Welcome to Word Buzz Wednesday, your go-to place for some of the most interesting words of the week. The latest: reappropriating an insult; a cute-sounding scandal; a new kind of horror movie.
bama
“Five days ago, Beyoncé stepped outside of the expected pop-idol box and introduced ‘Formation’ a song rooted in her family’s mingling of Alabama and Louisiana heritage to create her, a self-described ‘Texas bama.’”
Mikki Kendall, “Hot Sauce in Her Bag,” Eater, February 10, 2016
Bama is a Washington, D.C. slang term for “someone of a more countryfied (from a place, like say, Alabama) flavor,” says The Washington Post. It could be used in a derogatory sense, or “might be qualified as a term of endearment or as just a general term for a person.”
bunnygate
“The continuing fallout of Bunnygate is a sobering demonstration of just why so many professors, even those with tenure, keep their heads down and traps shut.”
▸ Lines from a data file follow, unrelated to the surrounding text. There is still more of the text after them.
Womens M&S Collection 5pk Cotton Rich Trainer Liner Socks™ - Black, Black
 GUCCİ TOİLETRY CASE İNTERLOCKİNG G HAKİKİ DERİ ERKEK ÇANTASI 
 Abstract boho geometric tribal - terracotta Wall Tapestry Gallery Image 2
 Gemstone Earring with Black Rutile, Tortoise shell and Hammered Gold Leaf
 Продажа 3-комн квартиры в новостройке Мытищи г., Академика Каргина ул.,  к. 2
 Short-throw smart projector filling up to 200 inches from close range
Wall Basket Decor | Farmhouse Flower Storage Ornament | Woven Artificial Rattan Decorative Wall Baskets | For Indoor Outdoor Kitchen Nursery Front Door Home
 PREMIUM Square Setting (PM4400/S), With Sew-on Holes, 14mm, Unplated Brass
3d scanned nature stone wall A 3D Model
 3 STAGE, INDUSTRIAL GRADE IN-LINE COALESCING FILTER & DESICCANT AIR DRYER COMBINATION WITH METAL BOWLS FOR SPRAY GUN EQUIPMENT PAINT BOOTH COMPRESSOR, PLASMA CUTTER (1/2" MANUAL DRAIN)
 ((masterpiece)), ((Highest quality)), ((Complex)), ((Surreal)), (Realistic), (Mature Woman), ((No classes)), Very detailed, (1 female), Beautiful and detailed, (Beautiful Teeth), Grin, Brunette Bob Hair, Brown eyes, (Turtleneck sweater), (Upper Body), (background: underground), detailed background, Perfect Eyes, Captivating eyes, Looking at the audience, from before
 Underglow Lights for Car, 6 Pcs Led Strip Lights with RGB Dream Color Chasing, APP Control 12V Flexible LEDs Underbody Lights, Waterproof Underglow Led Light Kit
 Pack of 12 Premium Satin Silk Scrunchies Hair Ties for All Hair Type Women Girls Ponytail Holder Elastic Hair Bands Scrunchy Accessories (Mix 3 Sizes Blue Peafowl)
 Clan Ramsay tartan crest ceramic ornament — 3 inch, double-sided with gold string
Rebecca Schuman, “Tenure Protects Nothing,” Slate, February 11, 2016
Bunnygate is the latest in –gate suffixed scandals, this one involving Simon Newman, the president of Mount St. Mary’s University, who was “caught encouraging his faculty to identify struggling freshmen and coerce them to drop out before they harmed the institution’s bottom line,” according to Slate. He likened such a practice to “drowning and shooting ‘cuddly bunnies.’”
Faculty members who spoke out against Newman were unceremoniously removed from their positions, including one professor who was tenured.
LIGO
“LIGO had its detractors from the very start because it was going to be expensive and might detect nothing at all.”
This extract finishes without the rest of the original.